"Our" Moose


Moose are the most famous Swedish animals (except for mosquitos), and you meet them almost everywhere, especially on travel signs, stickers on German mobile homes, T-shirts and at many other places. You could buy a picture in the Swedish Post Offices for 7 Skr, and even in Munich, Germany, far away from Sweden, you will find a moose shop.

Much less frequent do you meet a moose on a hiking tour. Especially in forests, they are not easy to see. If they do not move, you will probably just walk by without noticing them. Sometimes you can see them near the cabins, and I remember one whom we saw from the Abisko dining room. But because I don't have a good story from Sweden, I have to import one from the United States.

We were in the Grand Teton National Park south of Yellowstone National Park in 1988. We asked the ranger for opportunities to observer moose. He recommended to hike to the "Moose Pond" early in the morning and be there not after 56 p.m. That was not very attractive, but nevertheless, the next morning at 5:30 we were on the trail.

On our way we met a small (or big ?) problem: A moose was sleeping right on the trail to Moose Pond. I remembered the information folders that advised us to stay at least 25 m away from all animals, and 100 m from bears an bisons. We kept a distance of more than 25 m and walked around him to continue our way to Moose Pond. Would he feel disturbed ? No, he kept sleeping. Finally, there weren't any moose at the Moose Pond. We supposed that they were still all asleep in the forest.

We hiked back, and once more we passed the place with the sleeping moose. In the meantime, he woke up and lifted his head. Might he perhaps be sick and weakened ? No, obviously not.

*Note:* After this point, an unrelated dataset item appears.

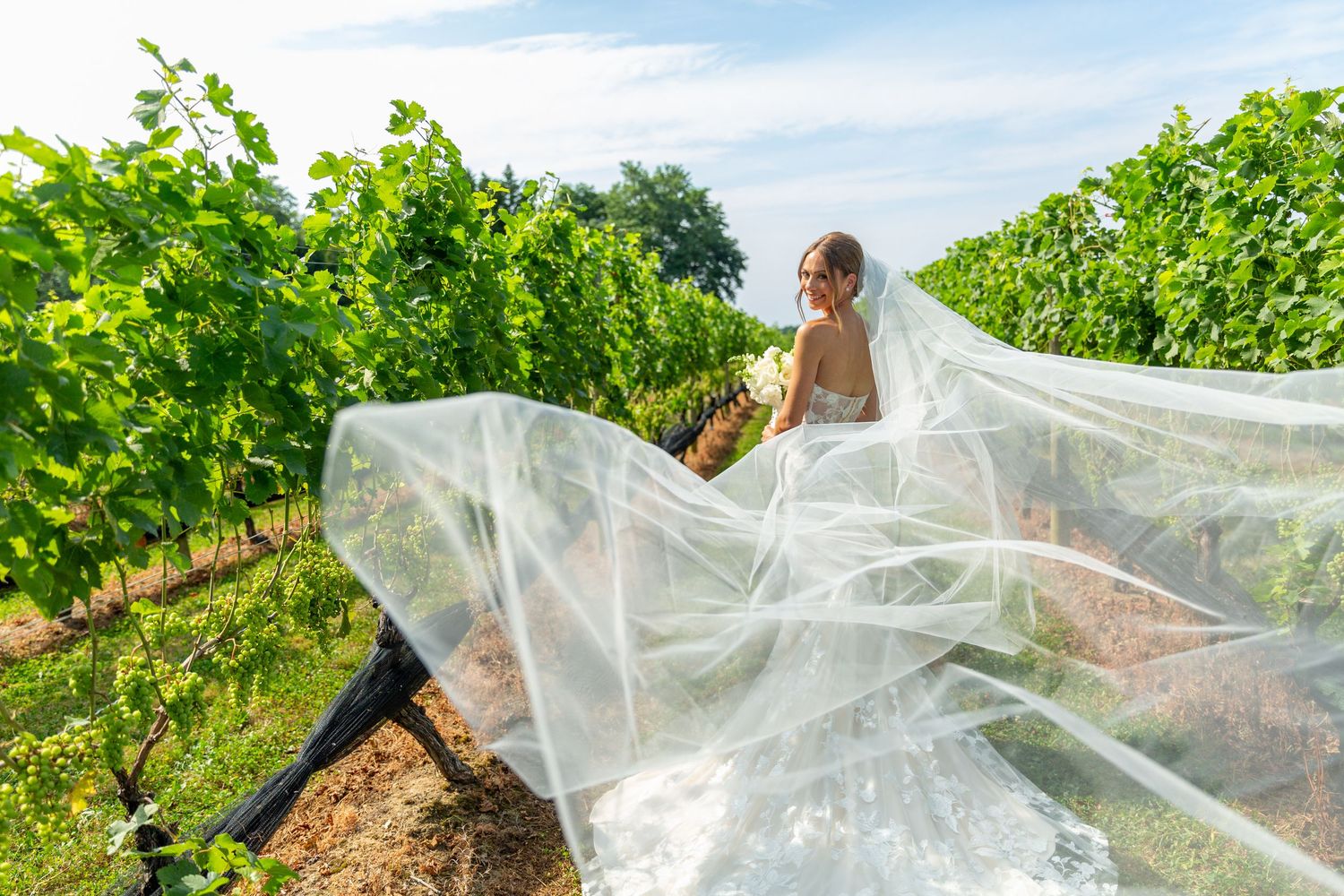 Flowing white veil billows dramatically in vineyard during wedding photoshoot.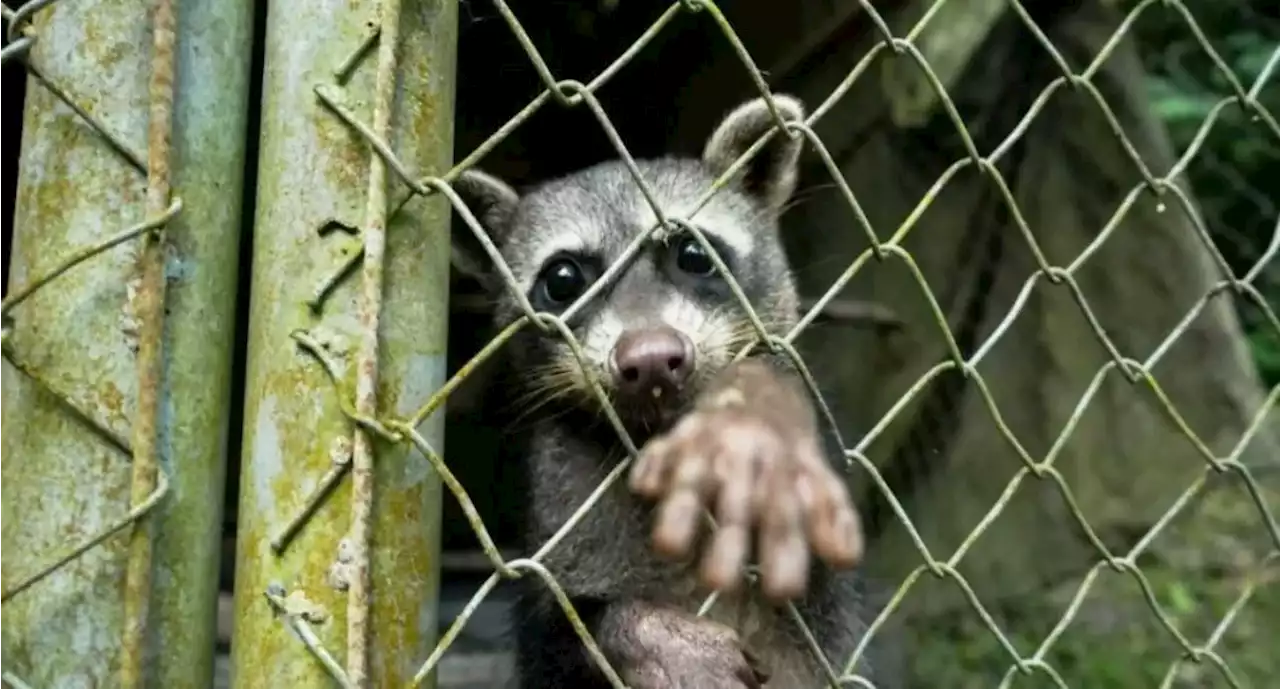 Reportar nuevos casos de moquillo en fauna silvestre del Tolima - Pulzo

We kept a greater distance, it seemed that it was time to get up for him, and we took a last picture. After awhile, we looked back and to our surprise, the moose was following us on the trail in a distance of about 25 m, just as recommended in the information folders.

We stood still, and he did not come nearer. We continued to walk, and he followed again, but kept the distance.

How far would he follow us ?

Finally we were near the street, and he stayed back to take a foot bath in a lake. When we were back told the ranger our little story, he said:"Yes, sometimes they are very friendly".